Researchers at Brown University have demonstrated that graphene, wrinkled and crumpled in a multi-step process, becomes significantly better at repelling water - a property that could be useful in making self-cleaning surfaces. Crumpled graphene also has enhanced electrochemical properties, which could make it more useful as electrodes in batteries and fuel cells.
The researchers aimed to build relatively complex architectures incorporating both wrinkles and crumples. To do that, the researchers deposited layers of graphene oxide onto shrink films -polymer membranes that shrink when heated. As the films shrink, the graphene on top is compressed, causing it to wrinkle and crumple. To see what kind of structures they could create, the researchers compressed same graphene sheets multiple times. After the first shrink, the film was dissolved away, and the graphene was placed in a new film to be shrunk again.
The researchers experimented with different configurations in the successive generations of shrinking. The team found that the multi-generational approach could substantially compress the graphene sheets, making them as small as one-fortieth their original size.
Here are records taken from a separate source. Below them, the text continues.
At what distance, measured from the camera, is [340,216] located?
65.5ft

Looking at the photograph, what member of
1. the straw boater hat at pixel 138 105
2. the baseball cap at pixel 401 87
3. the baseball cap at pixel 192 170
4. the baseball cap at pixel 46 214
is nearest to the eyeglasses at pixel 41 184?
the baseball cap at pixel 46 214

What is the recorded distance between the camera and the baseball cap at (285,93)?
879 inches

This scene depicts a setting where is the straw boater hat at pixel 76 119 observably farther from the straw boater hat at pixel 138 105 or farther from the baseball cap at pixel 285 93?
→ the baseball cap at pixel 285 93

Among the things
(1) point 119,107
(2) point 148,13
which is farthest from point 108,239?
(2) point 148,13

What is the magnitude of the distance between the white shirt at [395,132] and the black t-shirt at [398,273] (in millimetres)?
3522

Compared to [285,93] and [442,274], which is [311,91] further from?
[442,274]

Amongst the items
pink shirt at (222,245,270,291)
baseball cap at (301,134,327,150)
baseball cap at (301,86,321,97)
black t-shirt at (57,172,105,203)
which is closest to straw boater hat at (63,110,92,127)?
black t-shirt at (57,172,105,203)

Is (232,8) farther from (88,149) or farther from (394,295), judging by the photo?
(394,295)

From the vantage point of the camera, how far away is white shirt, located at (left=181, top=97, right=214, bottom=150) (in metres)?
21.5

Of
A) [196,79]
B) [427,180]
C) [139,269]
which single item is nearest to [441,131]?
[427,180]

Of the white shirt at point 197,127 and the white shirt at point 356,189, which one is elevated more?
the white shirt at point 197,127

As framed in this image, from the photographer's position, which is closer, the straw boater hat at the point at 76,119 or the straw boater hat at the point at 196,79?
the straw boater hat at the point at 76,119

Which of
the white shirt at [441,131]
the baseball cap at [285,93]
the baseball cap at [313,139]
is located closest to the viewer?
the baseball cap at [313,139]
They also showed that successive generations could create interesting patterns along the surface-wrinkles and crumples that were superimposed onto each other, for example.
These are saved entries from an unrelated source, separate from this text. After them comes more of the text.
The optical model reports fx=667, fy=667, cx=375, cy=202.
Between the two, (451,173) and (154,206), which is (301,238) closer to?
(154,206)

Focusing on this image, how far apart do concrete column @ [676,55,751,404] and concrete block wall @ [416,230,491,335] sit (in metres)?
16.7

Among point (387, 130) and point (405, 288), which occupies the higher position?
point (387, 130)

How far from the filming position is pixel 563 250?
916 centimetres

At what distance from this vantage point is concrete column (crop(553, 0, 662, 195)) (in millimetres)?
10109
The scientists reported that the material has a 'memory' and yields different results when wrinkled or crumpled in a different order. They generated a kind of taxonomy of structures born from different shrinking configurations. They then tested several of those structures to see how they altered the properties of the graphene sheets. They showed that a highly crumpled graphene surface becomes superhydrophobic - able to resist wetting by water. When water touches a hydrophobic surface, it beads up and rolls off. When the contact angle of those water beads with an underlying surface exceeds 160 degrees - meaning very little of the water bead's surface touches the material - the material is said to be superhydrophobic. The researchers showed that they could make superhydrophobic graphene with three unclamped shrinks.
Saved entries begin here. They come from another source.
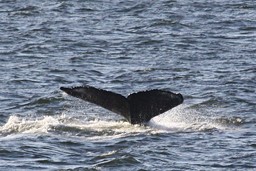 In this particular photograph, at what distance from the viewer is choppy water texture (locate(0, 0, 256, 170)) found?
1633cm

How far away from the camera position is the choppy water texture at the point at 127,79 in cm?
1633

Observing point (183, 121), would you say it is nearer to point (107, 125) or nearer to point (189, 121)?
point (189, 121)

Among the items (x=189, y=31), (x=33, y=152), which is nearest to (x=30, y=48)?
(x=189, y=31)

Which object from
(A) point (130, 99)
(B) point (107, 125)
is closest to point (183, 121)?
(B) point (107, 125)

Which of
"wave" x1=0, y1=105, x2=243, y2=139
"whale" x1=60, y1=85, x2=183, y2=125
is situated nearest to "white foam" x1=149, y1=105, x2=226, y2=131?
"wave" x1=0, y1=105, x2=243, y2=139

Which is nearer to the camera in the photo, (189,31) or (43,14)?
(189,31)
The team also showed that crumpling could enhance the electrochemical behaviors of graphene, which could be useful in next-generation energy storage and generation. The research showed that crumpled graphene used as a battery electrode had as much as a 400% increase in electrochemical current density over flat graphene sheets. That increase in current density could make for vastly more efficient batteries. In addition to batteries and water resistant coatings, graphene compressed in this manner might also be useful in stretchable electronics.
The group plans to continue experimenting with different ways of generating structures on graphene and other nanomaterials.
In April 2015, Brown University researchers developed a method of creating environments on which to culture cells using graphene, that relies on a technique that makes small wrinkles in graphene sheets. In that same month, researchers at the University of Illinois designed a single-step method of creating textures in graphene ("crumpling") to allow for larger surface areas, thus tapping into graphene's benefits for electronics.